Hi Vincent, could you share a sample of the playbook you’re running as well as the results of running it with -f1, -f2 and -f4? That should determine if the playbook is indeed being serialized at some point.

Do note, however, if you’re doing something like this:

  • local_action: ec2 …
    with_items:

you will see serialized performance. This is caused by the fact that each pass through with_* loops must complete on all hosts before the next loop begins, and with local_action you’d only be executing on a single host (localhost), so this would constrain the playbook to a serial-like performance.

Thanks!

Exactly like what was described at the start of this thread. :frowning: Setting the environment variable produces the desired parallel execution.

Ansible does read ~/.ssh/known_hosts because it needs to know whether to lock itself down to 1 process to ask you the question about adding a new hosts to known_hosts.

This only happens when it detects a host isn’t already there, because it must detect this before SSH asks.

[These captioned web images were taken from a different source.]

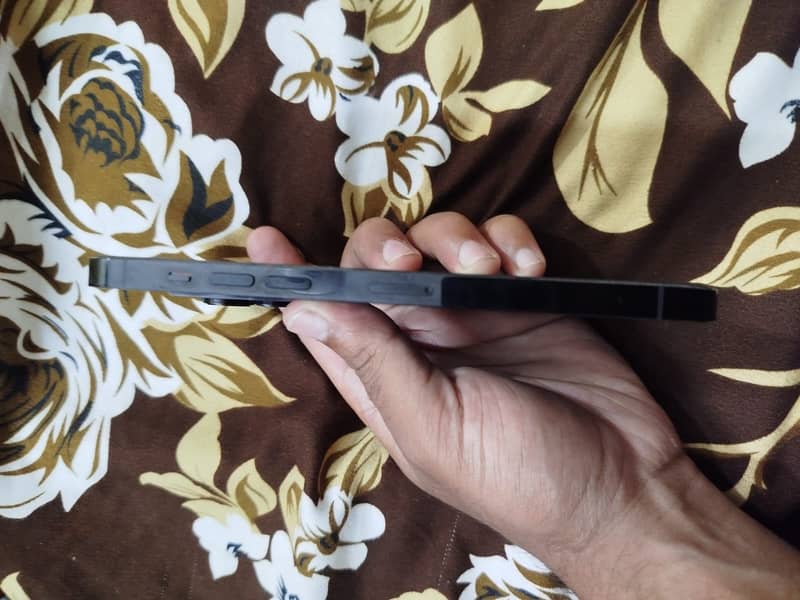 Apple iPhone 14 Pro Max 2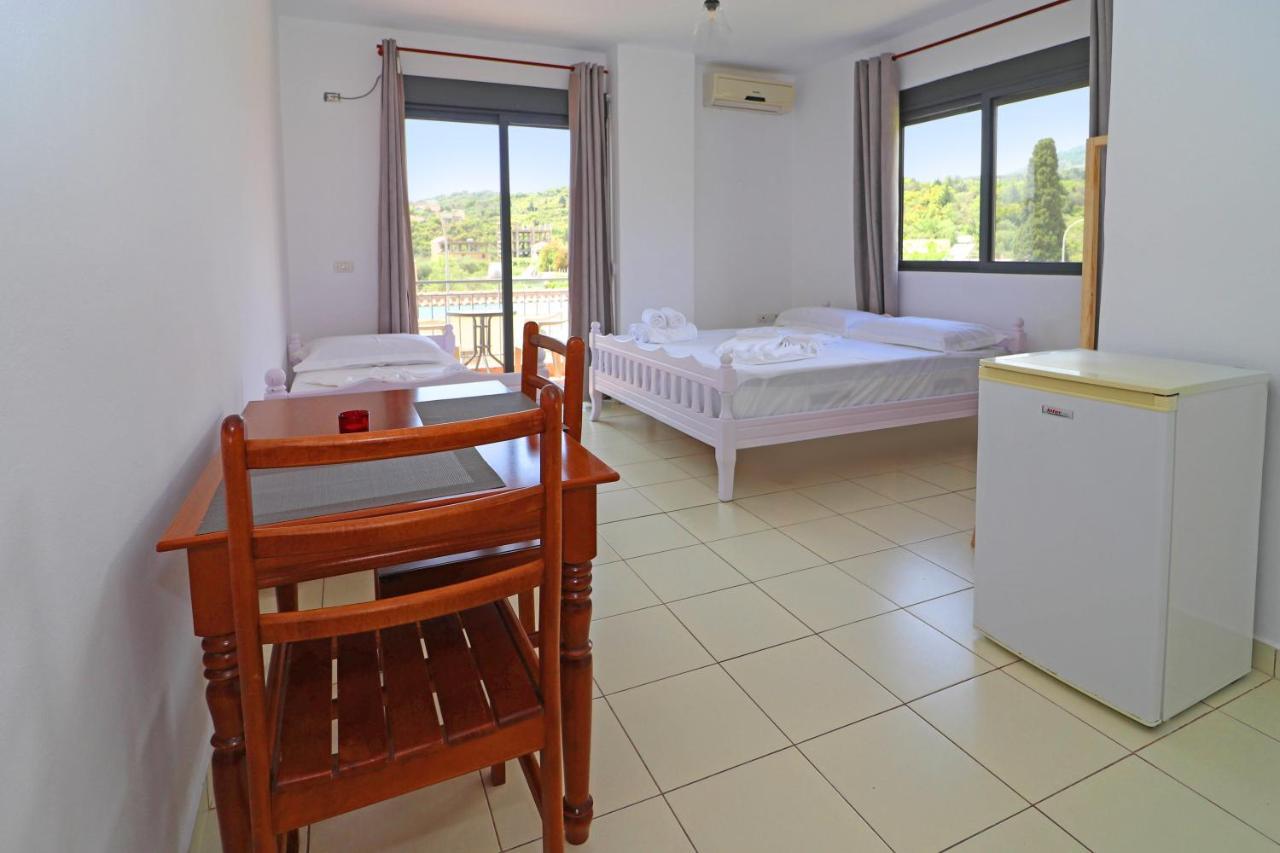 Bora Rooms Himara Kültér fotó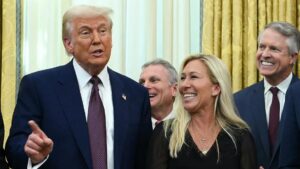 Tổng Thống Donald Trump: ‘Tôi muốn thấy’ Hạ nghị sĩ Marjorie Taylor Greene trở lại chính trường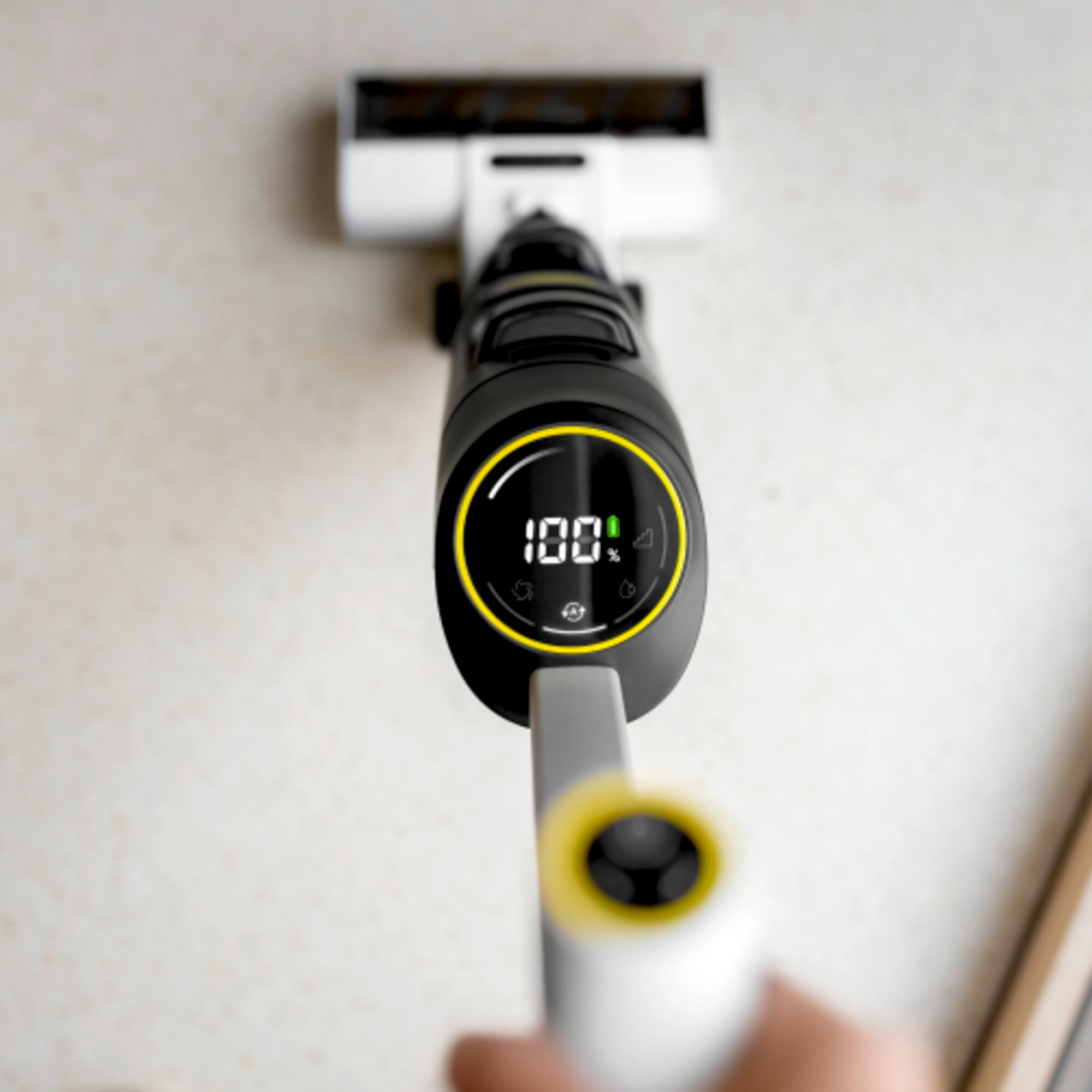 Вертикальный моющий пылесос Karcher FCV 4 Dry - <h3>Функция Xtra!Clean «3 в 1»: влажная уборка, всасывание и сушка</h3>
<p>
	 Уборка с экономией до 50 % времени* и гарантия идеальной чистоты за счет интегрированной функции всасывания, позволяющей обойтись без предварительной уборки пылесосом. 4 режима уборки для устранения любых загрязнений — даже стойких, а также больших объемов жидкостей. Оптимальная адаптация к различным напольным покрытиям и очистка вплотную к стенам. Возможность очистки ковров и ковровых дорожек в режиме сухой уборки.
</p>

And this only happens with -c ssh, -c paramiko has it’s own handling (and it’s own issues, I prefer the SSH implementation if folks have a new enough SSH to use ControlPersist).

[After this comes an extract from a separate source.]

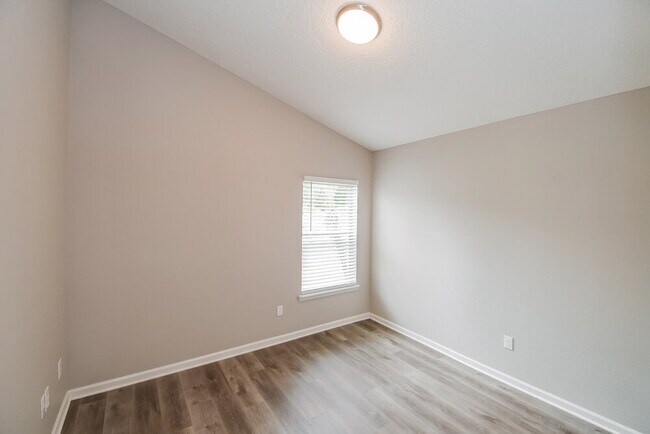 Building Photo - 1844 Lake Forest Ln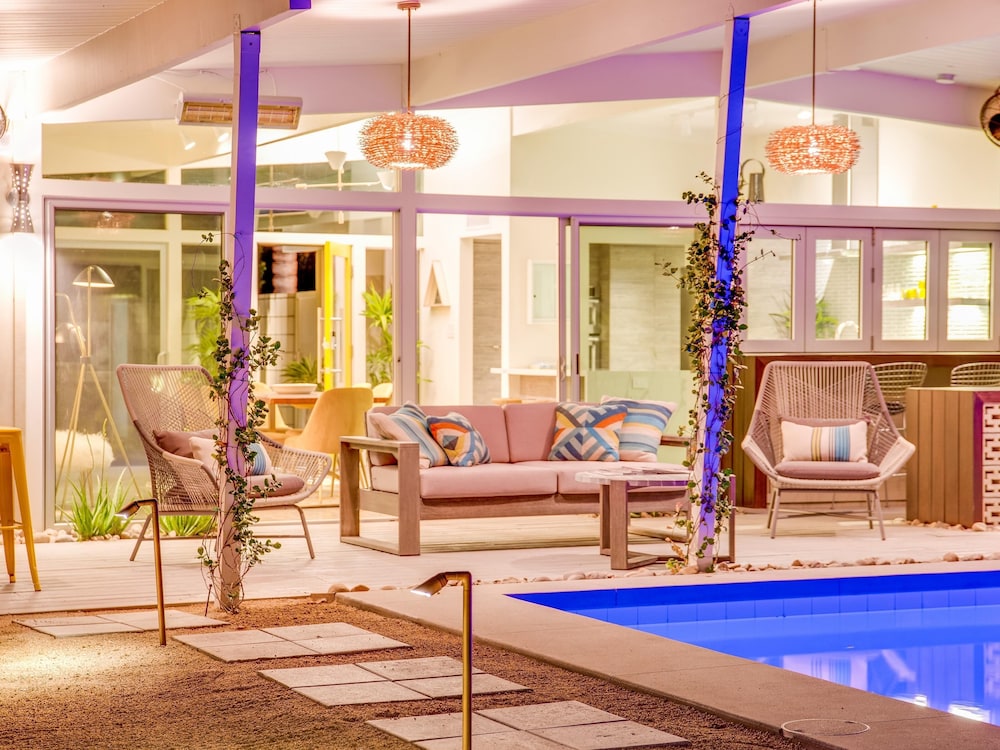 Palm Springs Vacations - West Elm House 2017: The Alexander - Property Image 52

Vincent, I now use a slightly different workaround. Instead of routing known_hosts to /dev/null I route it to a temp file. This keeps the EC2 noise out of my default known_hosts file, and seems to play well with ansible.

`
Host *.amazonaws.com
PasswordAuthentication no
StrictHostKeyChecking no
UserKnownHostsFile /tmp/ec2_known_hosts
User ec2-user

`

Hope that helps you.

– Mike

Hi James,

Each loop DOES happen within the host loop.

If you have 50 hosts and they are “with_items”'ing, that still happens 50 hosts at a time.

So I’m confused - are you saying you are using known_hosts that are empty?

This seems to be a completely unrelated question.

The mention of /dev/null above seemed to be based on confusion that we didn’t read it, not that it was actually symlinked to /dev/null.

Can each of you clarify?

I took it that Vincent was referring to my message of 2013-09-12. In that post I mentioned using /dev/null for the ssh UserKnownHostsFile configuration key, scoped to Host *.amazonaws.com

This configuration triggers single-threaded behavior from ansible because ssh never stores any record of connecting to the EC2 hosts: not the first time, not ever. Because known_hosts is /dev/null.

– Mike

Ansible does not find your known hosts location from ~/.ssh/config on a per host basis and does read your ~/.ssh/known_hosts.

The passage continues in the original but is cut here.